Scottish fishing boats are under fire for trawling seas far from home for catches of tuna, shark, swordfish, mackerel and sardines.
The Sunday Herald can reveal that at least five vessels registered in Scotland have been licensed to fish in the Indian Ocean and off the northwest African coast.
Along with boats from elsewhere in Europe, they are facing criticisms that they are plundering foreign seas, damaging local fishing industries and threatening fish stocks.
As fish stocks in European waters have declined, big fishing businesses have increasingly searched further afield for more lucrative and less depleted waters. Scottish fishermen, already in straitened circumstances, are also keen to exploit foreign waters to keep operating.
According to a study for conservation group WWF, one-third of the world's oceans are heavily fished, 10 times more than in the 1950s.
More than 700 vessels from European Union countries are fishing seas outwith the EU, mostly from Spain, France and Portugal. But they also include nine vessels registered in the UK, five of them in Scotland.

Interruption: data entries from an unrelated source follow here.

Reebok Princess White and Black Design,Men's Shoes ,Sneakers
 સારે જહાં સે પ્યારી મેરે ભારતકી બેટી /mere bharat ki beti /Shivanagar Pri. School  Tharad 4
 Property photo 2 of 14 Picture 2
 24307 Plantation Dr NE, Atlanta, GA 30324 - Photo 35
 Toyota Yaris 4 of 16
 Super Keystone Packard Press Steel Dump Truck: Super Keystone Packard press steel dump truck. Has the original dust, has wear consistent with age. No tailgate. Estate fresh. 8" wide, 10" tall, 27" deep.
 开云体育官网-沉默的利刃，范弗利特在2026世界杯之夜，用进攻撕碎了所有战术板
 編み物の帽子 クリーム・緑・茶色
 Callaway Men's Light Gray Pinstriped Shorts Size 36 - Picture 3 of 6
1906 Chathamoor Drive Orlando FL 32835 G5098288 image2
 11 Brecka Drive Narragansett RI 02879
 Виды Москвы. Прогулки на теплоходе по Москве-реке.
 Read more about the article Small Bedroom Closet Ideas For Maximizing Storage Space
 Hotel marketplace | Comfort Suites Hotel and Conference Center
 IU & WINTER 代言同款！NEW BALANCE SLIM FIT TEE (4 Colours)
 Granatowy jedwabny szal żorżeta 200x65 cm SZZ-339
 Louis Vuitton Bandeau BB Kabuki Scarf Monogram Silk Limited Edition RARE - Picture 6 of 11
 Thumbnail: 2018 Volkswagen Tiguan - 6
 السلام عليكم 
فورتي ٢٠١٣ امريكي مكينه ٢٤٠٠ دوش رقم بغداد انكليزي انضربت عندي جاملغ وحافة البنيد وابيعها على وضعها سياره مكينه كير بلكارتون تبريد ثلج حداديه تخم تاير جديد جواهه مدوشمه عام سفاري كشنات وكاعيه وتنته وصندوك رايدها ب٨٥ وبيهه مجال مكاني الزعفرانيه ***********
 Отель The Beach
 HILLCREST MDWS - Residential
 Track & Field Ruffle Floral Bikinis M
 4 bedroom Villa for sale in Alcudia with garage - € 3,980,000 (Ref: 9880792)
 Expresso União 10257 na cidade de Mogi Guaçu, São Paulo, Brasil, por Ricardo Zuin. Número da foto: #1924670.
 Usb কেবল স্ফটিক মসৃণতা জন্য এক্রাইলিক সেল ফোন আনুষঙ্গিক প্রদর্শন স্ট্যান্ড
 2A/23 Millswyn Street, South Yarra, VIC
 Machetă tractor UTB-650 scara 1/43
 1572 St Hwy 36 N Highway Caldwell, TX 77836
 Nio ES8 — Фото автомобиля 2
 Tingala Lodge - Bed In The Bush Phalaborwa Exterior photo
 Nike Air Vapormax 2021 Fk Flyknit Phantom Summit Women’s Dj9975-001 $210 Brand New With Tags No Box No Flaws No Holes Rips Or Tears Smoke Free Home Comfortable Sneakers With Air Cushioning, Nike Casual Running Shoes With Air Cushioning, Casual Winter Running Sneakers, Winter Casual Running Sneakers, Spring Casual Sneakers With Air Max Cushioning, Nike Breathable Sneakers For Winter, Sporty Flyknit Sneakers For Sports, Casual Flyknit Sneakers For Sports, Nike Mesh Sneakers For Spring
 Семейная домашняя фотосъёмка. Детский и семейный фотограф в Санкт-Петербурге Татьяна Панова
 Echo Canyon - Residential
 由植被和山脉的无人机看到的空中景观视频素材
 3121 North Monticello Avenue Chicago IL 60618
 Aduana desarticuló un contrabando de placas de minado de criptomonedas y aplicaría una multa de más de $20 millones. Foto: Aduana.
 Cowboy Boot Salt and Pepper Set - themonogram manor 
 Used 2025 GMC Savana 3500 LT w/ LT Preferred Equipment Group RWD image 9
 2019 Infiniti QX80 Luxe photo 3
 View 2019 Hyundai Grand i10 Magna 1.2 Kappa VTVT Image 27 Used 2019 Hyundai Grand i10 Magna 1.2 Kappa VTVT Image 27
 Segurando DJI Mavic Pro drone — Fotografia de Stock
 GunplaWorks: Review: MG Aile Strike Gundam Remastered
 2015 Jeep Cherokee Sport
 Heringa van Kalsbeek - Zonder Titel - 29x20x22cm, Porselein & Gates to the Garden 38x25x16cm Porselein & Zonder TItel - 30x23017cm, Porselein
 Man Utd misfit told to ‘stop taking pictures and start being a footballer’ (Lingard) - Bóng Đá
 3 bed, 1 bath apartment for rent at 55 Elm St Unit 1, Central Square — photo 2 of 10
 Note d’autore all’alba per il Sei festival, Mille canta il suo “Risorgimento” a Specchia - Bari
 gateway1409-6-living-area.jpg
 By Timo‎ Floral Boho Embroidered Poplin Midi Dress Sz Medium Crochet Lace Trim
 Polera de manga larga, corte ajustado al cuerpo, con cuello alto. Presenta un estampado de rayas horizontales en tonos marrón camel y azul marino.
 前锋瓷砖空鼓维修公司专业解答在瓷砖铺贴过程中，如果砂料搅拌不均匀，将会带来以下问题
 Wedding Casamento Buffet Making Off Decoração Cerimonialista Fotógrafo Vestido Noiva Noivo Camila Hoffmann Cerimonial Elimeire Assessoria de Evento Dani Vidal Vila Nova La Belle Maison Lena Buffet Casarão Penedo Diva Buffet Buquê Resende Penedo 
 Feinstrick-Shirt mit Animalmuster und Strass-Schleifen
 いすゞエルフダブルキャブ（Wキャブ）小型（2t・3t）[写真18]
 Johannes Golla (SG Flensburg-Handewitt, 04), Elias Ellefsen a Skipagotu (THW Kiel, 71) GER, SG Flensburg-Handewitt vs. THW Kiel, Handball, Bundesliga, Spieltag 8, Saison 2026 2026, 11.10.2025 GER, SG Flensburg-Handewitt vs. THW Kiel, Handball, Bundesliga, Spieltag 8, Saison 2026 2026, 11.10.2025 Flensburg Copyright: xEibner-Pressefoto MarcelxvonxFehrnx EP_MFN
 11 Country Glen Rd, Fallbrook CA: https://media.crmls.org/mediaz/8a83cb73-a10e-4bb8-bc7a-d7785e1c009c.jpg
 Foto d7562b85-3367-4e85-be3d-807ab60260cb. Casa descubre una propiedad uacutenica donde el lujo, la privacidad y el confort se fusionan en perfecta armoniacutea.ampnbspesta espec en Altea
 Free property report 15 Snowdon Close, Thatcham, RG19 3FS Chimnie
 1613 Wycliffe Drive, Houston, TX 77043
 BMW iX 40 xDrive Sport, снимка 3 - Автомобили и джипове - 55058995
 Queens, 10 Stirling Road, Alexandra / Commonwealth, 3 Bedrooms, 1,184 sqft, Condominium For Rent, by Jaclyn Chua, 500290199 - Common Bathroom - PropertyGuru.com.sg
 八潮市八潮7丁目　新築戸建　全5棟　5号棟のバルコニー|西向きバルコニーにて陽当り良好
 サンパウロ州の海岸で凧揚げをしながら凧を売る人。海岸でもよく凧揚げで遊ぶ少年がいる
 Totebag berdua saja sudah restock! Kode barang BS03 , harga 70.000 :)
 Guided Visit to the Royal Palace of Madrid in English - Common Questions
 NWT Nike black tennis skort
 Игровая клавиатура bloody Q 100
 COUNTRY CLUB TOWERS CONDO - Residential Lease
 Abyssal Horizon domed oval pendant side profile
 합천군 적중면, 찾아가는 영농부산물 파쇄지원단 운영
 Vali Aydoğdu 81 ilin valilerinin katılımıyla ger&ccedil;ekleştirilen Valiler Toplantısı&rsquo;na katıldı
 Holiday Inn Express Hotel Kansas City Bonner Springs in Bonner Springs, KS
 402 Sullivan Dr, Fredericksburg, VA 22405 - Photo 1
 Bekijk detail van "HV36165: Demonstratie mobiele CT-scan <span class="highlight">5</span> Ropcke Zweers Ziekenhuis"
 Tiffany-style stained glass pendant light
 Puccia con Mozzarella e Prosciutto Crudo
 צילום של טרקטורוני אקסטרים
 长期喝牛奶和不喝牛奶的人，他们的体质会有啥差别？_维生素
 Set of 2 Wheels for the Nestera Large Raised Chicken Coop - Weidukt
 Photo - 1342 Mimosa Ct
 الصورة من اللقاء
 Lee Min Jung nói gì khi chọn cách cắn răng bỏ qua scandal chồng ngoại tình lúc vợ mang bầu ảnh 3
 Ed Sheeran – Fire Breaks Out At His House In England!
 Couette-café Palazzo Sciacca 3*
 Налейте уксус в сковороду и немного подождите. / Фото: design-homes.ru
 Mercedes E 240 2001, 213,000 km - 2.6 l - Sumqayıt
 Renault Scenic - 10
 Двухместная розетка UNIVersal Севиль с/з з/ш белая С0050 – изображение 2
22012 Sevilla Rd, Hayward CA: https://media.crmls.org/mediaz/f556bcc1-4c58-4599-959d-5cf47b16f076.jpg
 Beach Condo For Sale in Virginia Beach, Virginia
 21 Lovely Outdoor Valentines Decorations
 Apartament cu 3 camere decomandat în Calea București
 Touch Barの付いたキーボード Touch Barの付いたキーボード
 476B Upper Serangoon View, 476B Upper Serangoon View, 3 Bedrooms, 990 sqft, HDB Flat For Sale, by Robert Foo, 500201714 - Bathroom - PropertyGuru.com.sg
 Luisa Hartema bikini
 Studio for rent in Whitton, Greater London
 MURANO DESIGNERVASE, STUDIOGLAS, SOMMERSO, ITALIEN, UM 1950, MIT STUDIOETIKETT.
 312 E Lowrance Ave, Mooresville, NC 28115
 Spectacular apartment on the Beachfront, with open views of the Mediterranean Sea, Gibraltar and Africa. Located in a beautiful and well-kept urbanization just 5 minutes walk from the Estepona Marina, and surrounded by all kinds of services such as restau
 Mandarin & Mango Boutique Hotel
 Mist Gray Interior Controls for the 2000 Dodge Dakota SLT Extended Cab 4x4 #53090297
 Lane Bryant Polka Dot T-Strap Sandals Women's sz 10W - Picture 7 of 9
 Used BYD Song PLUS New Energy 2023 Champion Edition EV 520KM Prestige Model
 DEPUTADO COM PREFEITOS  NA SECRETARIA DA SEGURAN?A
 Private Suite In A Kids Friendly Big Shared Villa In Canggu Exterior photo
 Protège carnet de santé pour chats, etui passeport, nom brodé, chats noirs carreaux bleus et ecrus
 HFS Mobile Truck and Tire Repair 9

"It will surprise many people to learn that Scottish-registered boats, along with others from across Europe, are catching fish as far away as Morocco and the Indian Ocean," said Dr Richard Dixon, director of WWF Scotland.
"Most of the fish stocks in these areas have little or no protection from over-fishing. We are demanding changes to the rules governing fishing to ensure vessels that fish abroad follow the same rules and respect the same sustainability principles as those operating within EU waters."
Four Scottish boats have been licensed to fish in the Indian Ocean under EU agreements with Madagascar and Mozambique. The Mar de Bens, the Mar de Creta, the Blue Gate and the Tahume can fish for tuna, sharks and swordfish.
A deal between Morocco and the EU to allow European boats the right to fish off Africa has caused a fierce political row. There was concern that EU boats could not be prevented from overfishing in foreign waters.
The £30 million-a-year agreement with Morocco was suspended last month after it was voted down by the European Parliament. But the European Commission is trying to renegotiate the deal.
Scottish boat The Krossfjord, registered at Banff, fished for mackerel and sardines off the western Sahara before the deal's suspension. The area was annexed by Morocco in 1976, and the Sahrawi people have been fighting for independence. The EU fishing deal "intensifies the Moroccan repression of the Sahrawi people," claims Aminatua Haidar, a Sahrawi human rights activist.
Fishsubsidy.org, a group that campaigns against secret subsidies, is preparing a report on "under-the-radar" EU fishing agreements. "We're concerned that there are few safeguards to ensure European vessels do not further plunder unsustainable fish stocks," said the group's Jack Thurston.
But fishing off northwest Africa was defended by Ian Gatt, chief executive of the Scottish Pelagic Fishermen's Association. He said the Krossfjord had invested in a factory in Dhakla, Western Sahara, which employs 300 people.
He added: "If the EU stops fishing there, its place will be taken by countries with no sustainability scruples like China and Russia."
The Scottish Government says EU agreements help countries develop sustainable fishing industries.